How your mobile phone could help keep you healthy

With smart-phone use on the rise, health care agencies are launching a variety of mobile applications for patients and providers.

Jonathan Cho, chief of the National Cancer Institute’s Communications Technology Branch, is the first to concede that the agency’s flagship Cancer.gov Web site isn’t designed for mobile devices with bandwidth- and screen-size constraints.

However, many people still pursue the cumbersome experience. He said nearly 150,000 users attempted to navigate the Web site with a mobile device in June. They used everything from Apple iPhones to more obscure handsets.

“The demand is there,” Cho said. “People are looking for cancer information on their mobile devices.”

Cell phones of all types are becoming conduits for health care information. But phones can do much more than access data. The smart-phone variety can run advanced applications and provide an increasingly robust set of features, such as touch screens, high-resolution cameras and Global Positioning System-based location trackers. Developers now seek to create health care applications that take advantage of those capabilities.

The public’s widespread use of mobile devices makes them a natural platform for health care information and applications. Market research firm Canalys estimates that 55.2 million smart phones shipped worldwide in the first quarter of 2010. Also, physicians are among the most eager adopters. In July, Spyglass Consulting Group reported that 94 percent of the U.S. doctors it interviewed use smart phones to “communicate, manage personal and business workflows, and access medical information.”


Related stories:

Smart phone as patient tool: A mental health application

Smart phone as clinical tool: A teledermatology pilot program


A number of government agencies are targeting mobile devices — smart phones in particular — for a range of possible health care uses. For example, the National Cancer Institute (NCI) plans to develop a set of mobile applications for its main constituents: cancer patients, health care professionals and researchers. Other agencies and government-funded initiatives seek to harness mobile technology to improve access to specialist care, treat psychiatric disorders and expand home-based health care options.

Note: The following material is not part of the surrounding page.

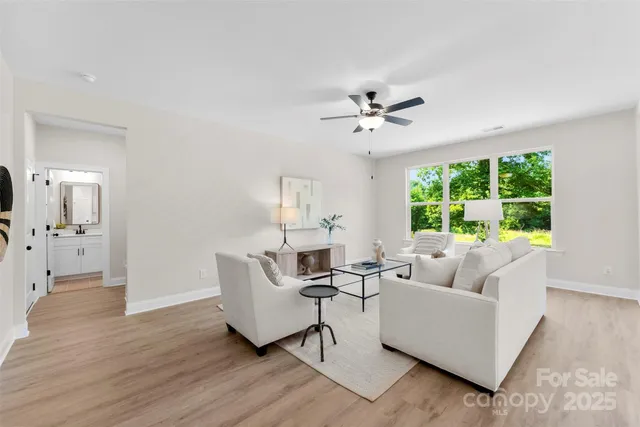 $580,000 | 1227 Breezewood Drive, Charlotte, NC 28262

As interesting as the opportunities are, officials have a number of problems to deal with when justifying investments in mobile capabilities — from the basic effectiveness of proposed applications to worries about the security and privacy of personal health care information.

The smart phone as outreach tool

When NCI started retooling its Cancer.gov Web site, the agency polled users on what they’d like to see in the next iteration. In many cases, what they wanted was greater mobile access to information.

Cho said he wasn’t surprised. “We were somewhat expecting it,” he said. “If you look at social networking tools — Facebook, Twitter — they are being used more and more from mobile devices. The excitement was already palpable around what we could do with mobile.”

NCI kicked off the evolution of Cancer.gov last year. With user input as a guide, the agency’s project team identified a handful of objectives that it could accomplish in six months. Mobile applications made the short list. Cho said the team then divided the mobile category into three distinct user groups: patients, friends and family; health care professionals; and researchers.

The agency now plans to develop mobile app concept designs for each user group.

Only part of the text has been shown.